* **Records**:
◇ ◇ ◇ ◇
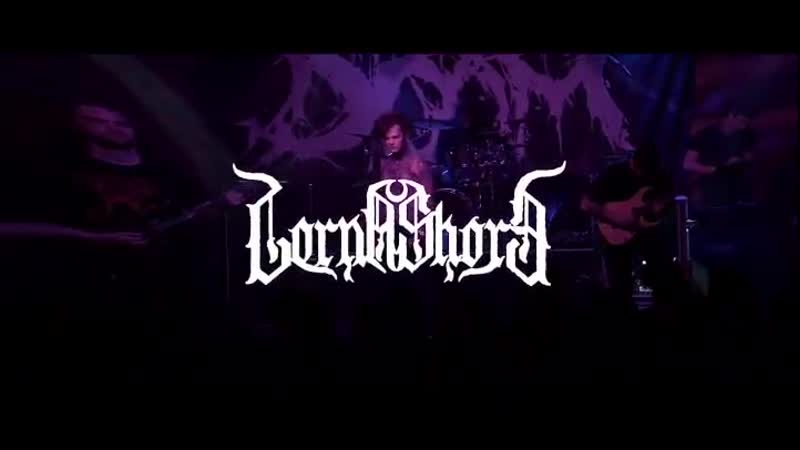 Recap from corpus christi, dallas, austin, tx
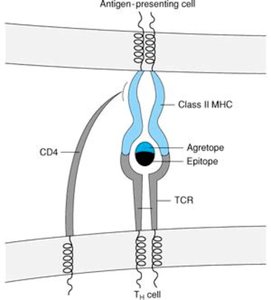 Normal specific T cell activation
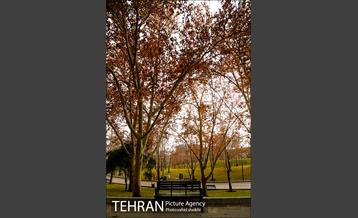 پارک ملت دریک روز زمستانی 3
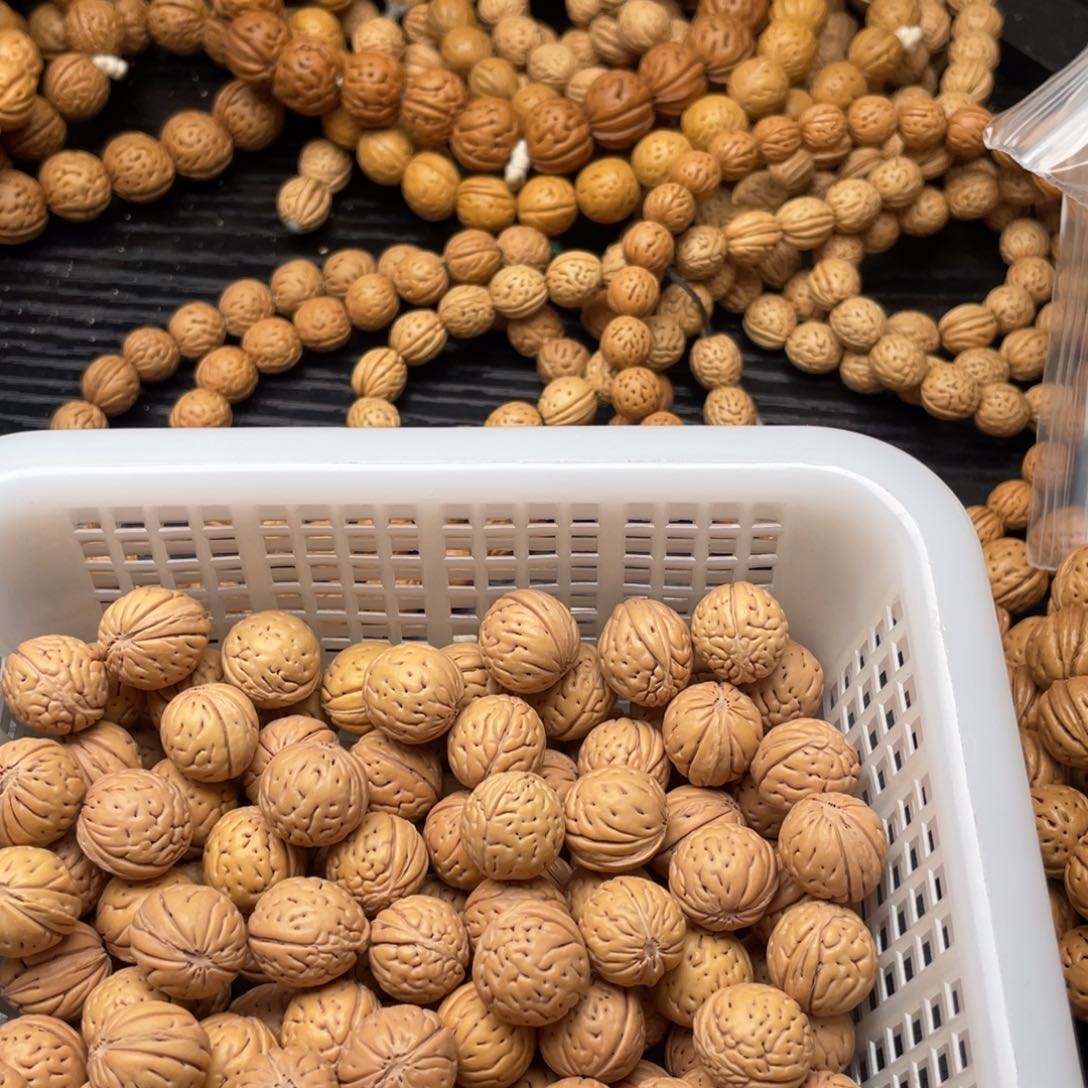 【闪购商品】—**风散子批发50米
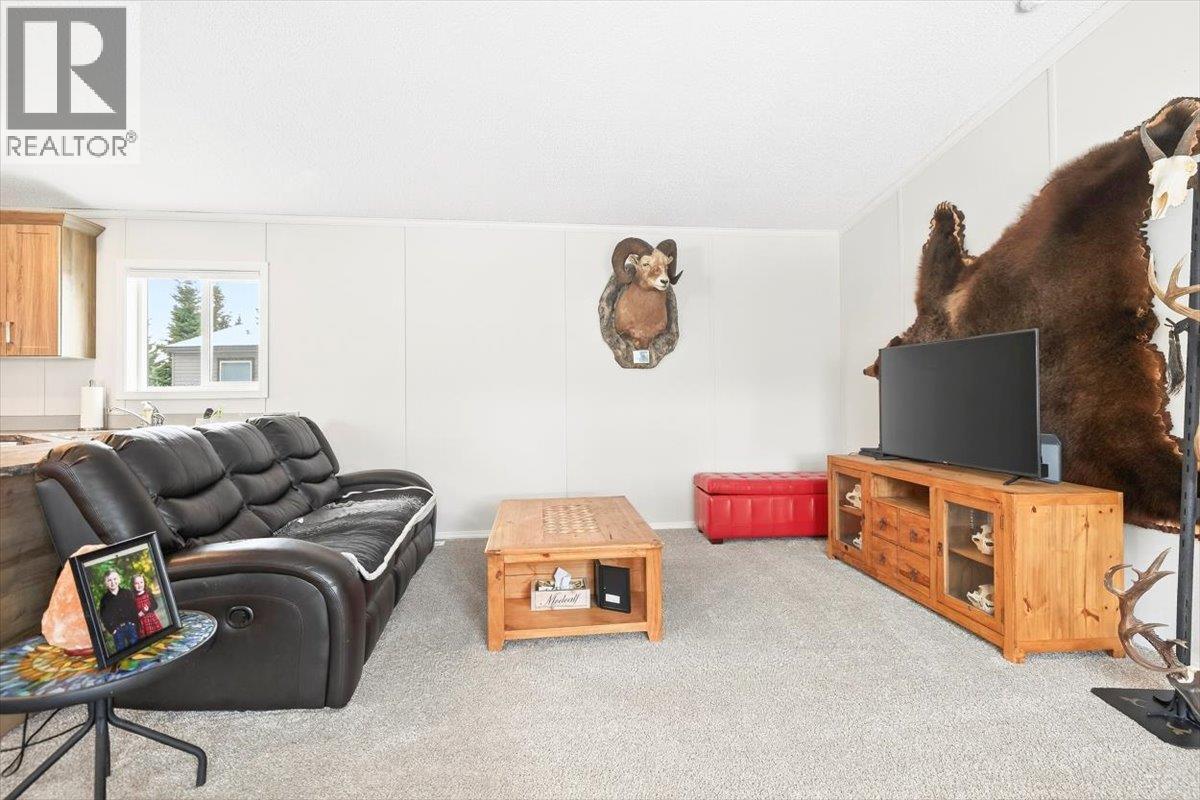 22 Wilderness Heights Drive, Elkford, British Columbia  V0B 1H0 - Photo 8 - 10373017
◇ ◇ ◇ ◇
* **What is expected**:
Return the data word for word without its pictures.

* **Response to this exercise**:
 Recap from corpus christi, dallas, austin, tx
 Normal specific T cell activation
 پارک ملت دریک روز زمستانی 3
 【闪购商品】—**风散子批发50米
 22 Wilderness Heights Drive, Elkford, British Columbia  V0B 1H0 - Photo 8 - 10373017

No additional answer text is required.